→ WORK TO BE COMPLETED:
The material below is to be copied exactly from the line with "指纹解锁|年中大促手机笔记本怎么选？6.18十大好物推荐！" up to and including the line with "Goshala Kit | Surbhika (3)", with nothing else kept and no pictures.

→ WORKING DATA:
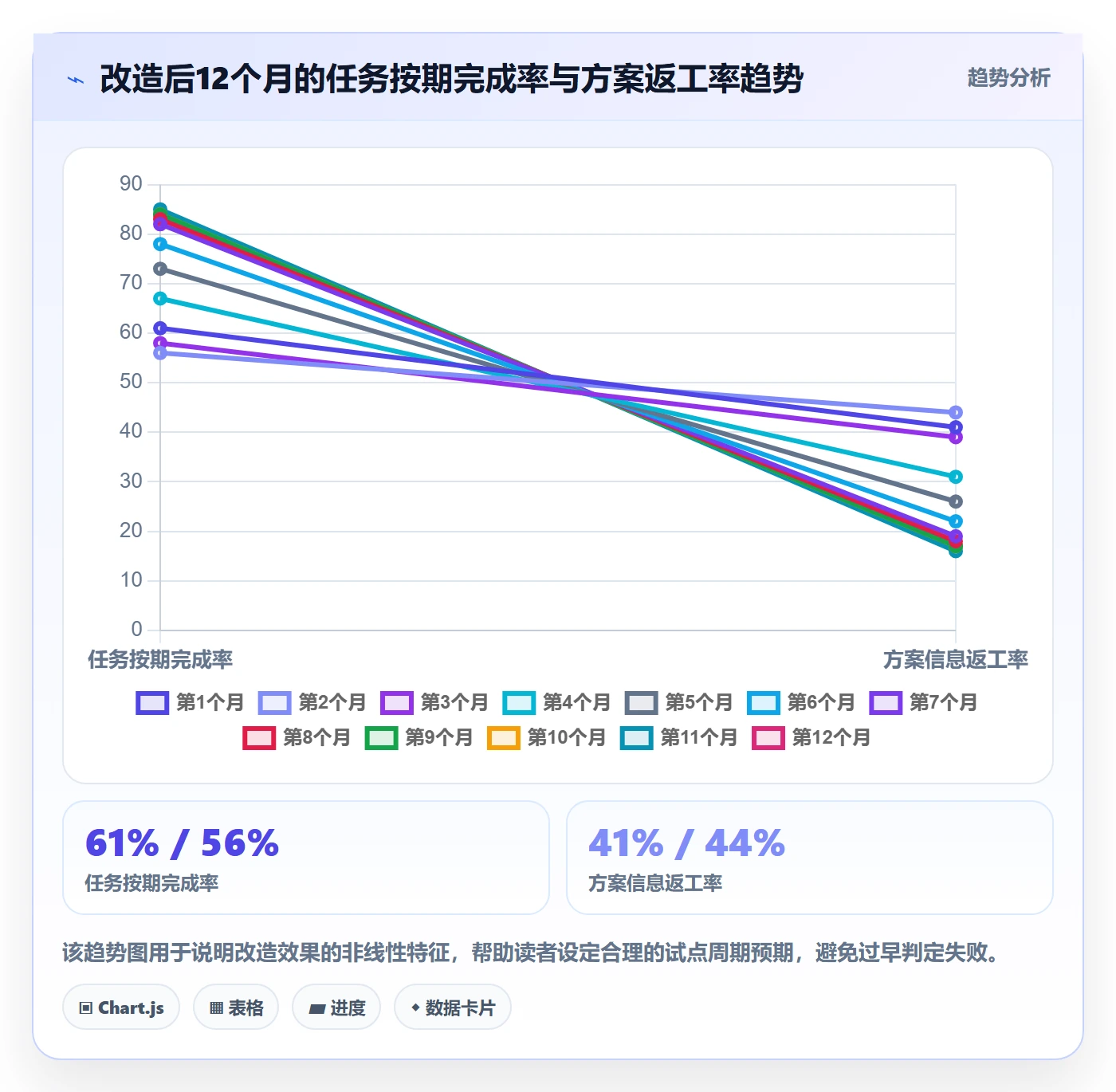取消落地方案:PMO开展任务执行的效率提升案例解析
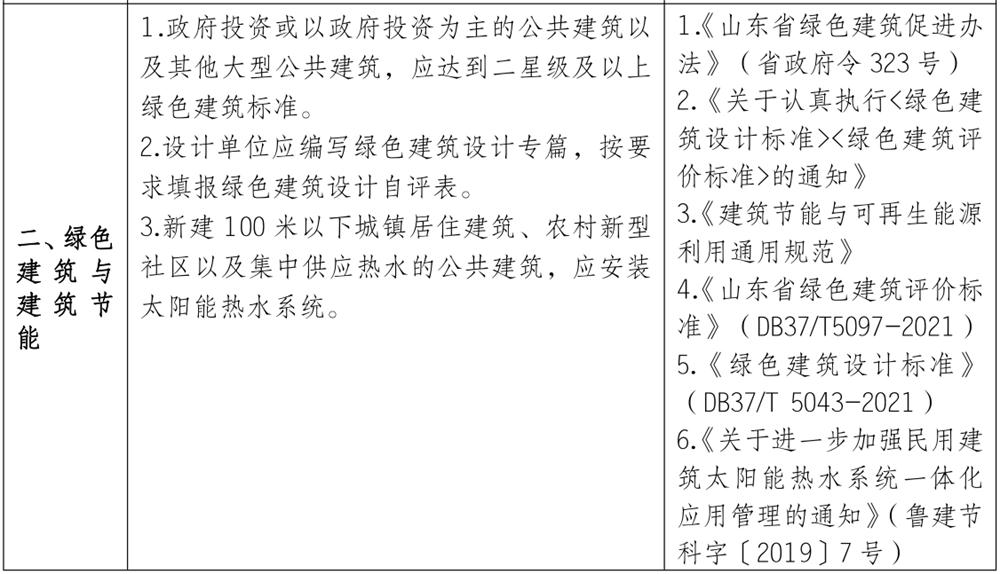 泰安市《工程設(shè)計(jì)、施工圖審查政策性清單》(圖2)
---
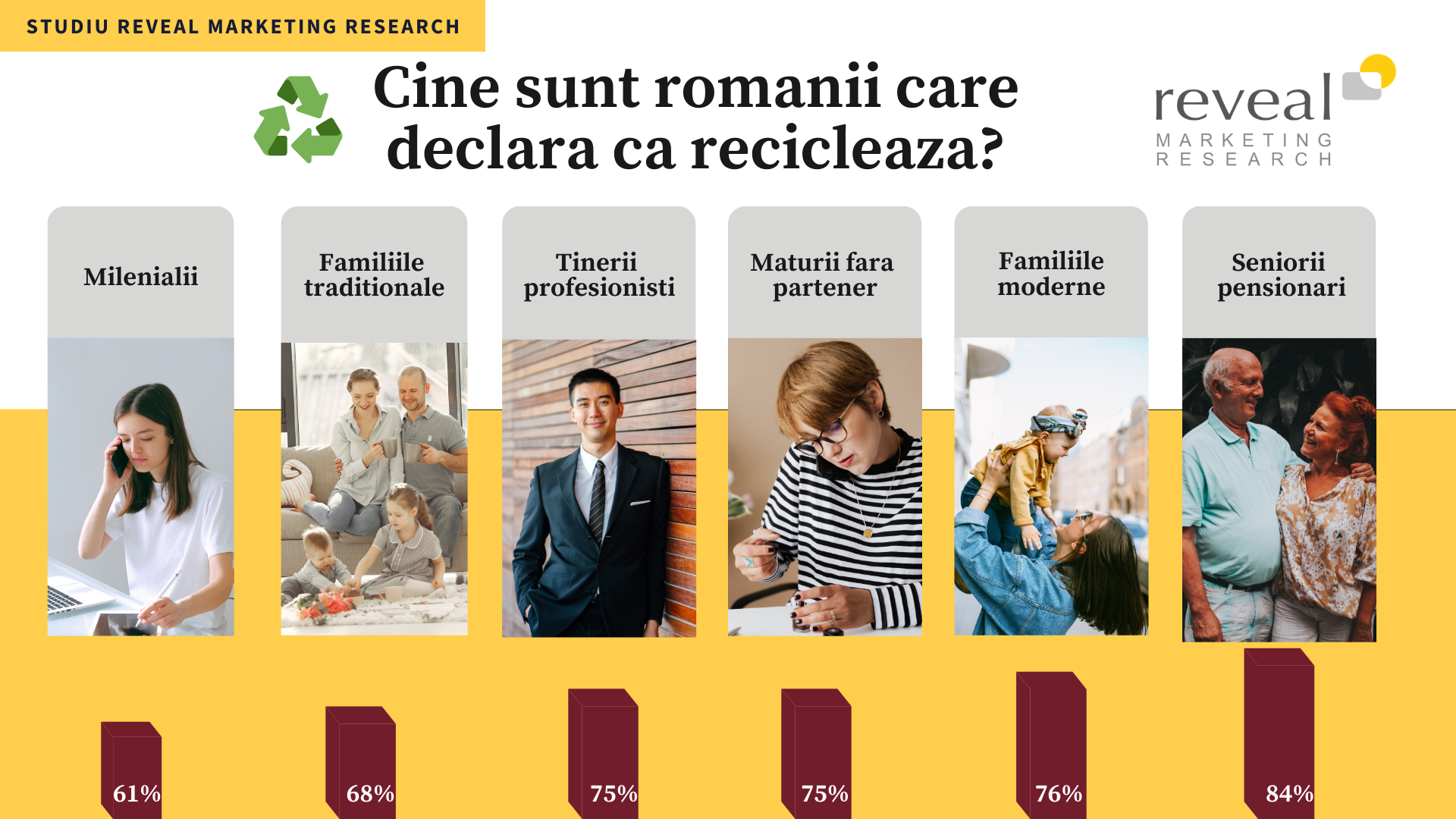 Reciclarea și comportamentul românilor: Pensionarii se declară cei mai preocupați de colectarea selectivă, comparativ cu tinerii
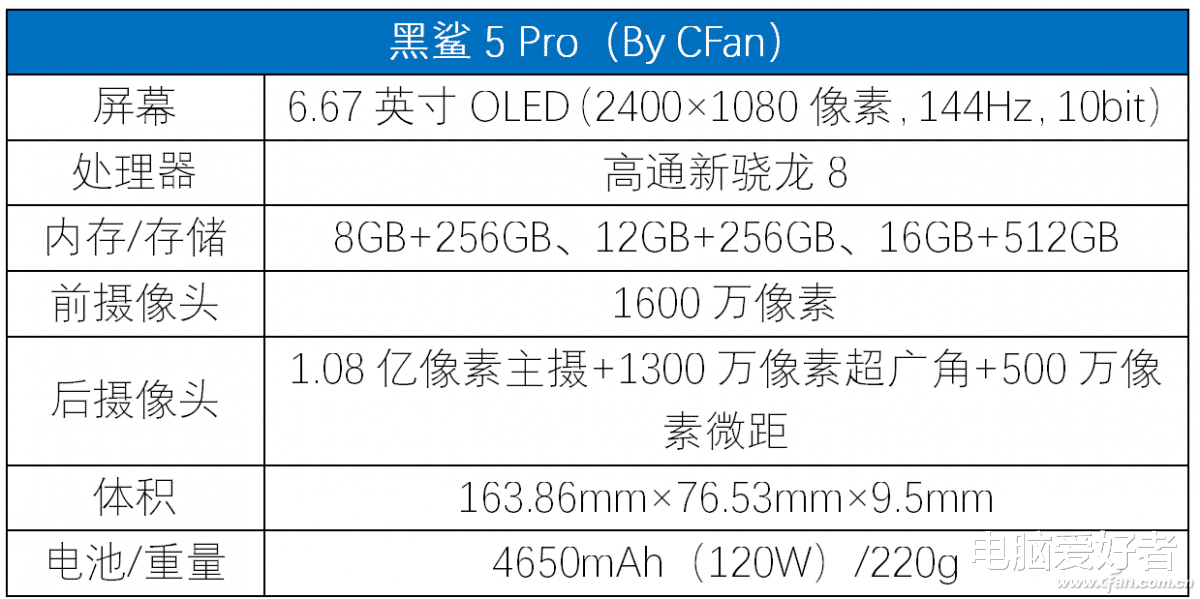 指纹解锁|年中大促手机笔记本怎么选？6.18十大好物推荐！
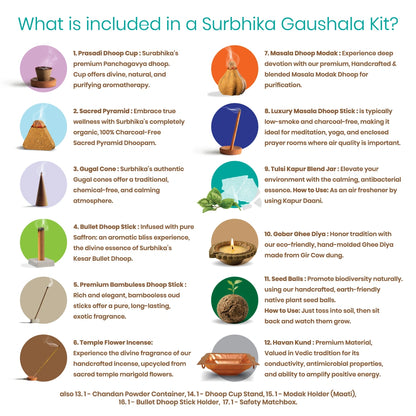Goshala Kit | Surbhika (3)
==
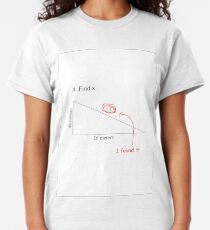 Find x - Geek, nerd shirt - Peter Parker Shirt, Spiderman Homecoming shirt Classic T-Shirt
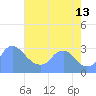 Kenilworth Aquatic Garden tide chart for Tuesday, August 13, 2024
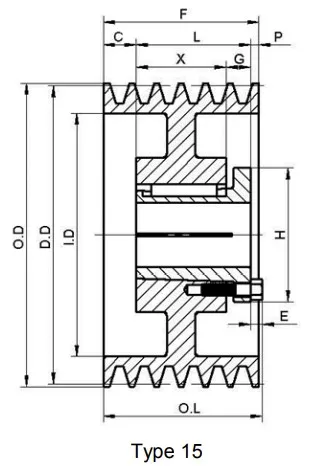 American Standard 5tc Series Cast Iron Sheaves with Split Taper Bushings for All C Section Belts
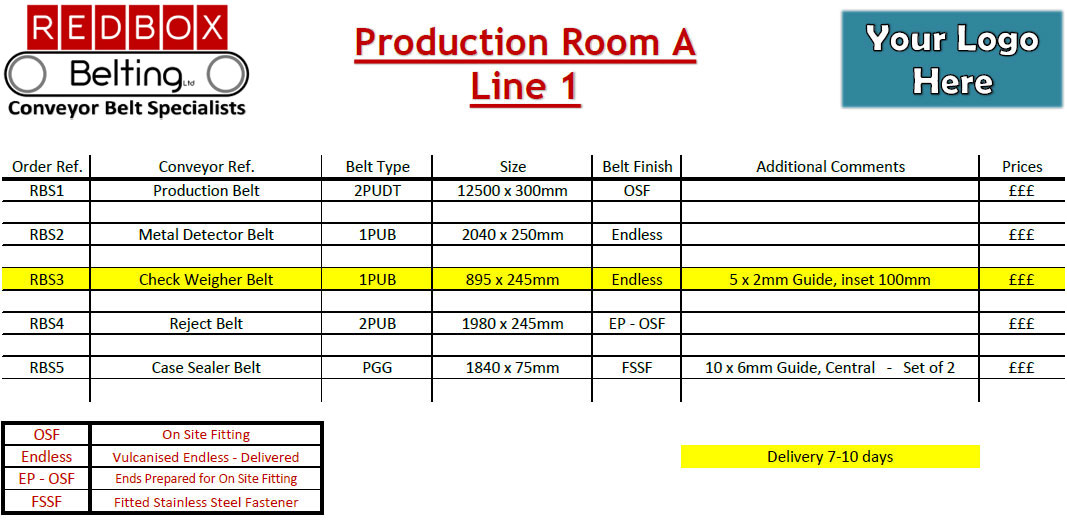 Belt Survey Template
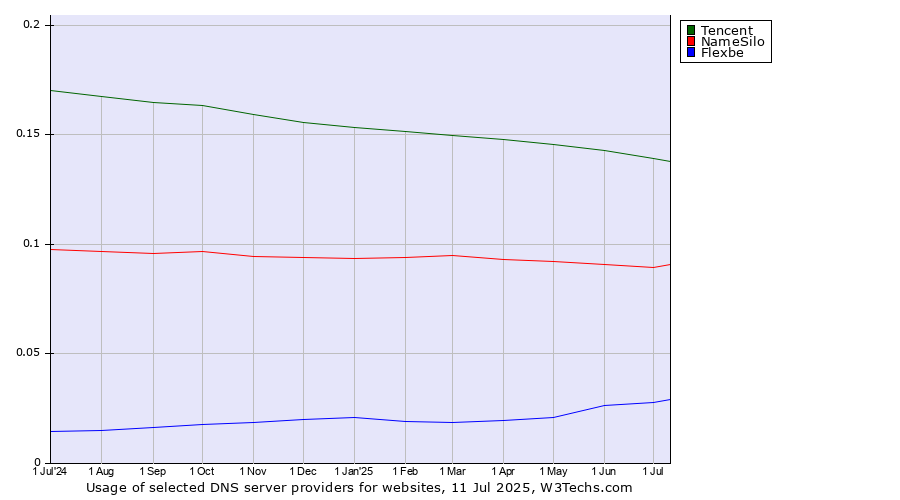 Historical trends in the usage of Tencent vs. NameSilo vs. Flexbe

→ ANSWER BELOW:
 指纹解锁|年中大促手机笔记本怎么选？6.18十大好物推荐！
Goshala Kit | Surbhika (3)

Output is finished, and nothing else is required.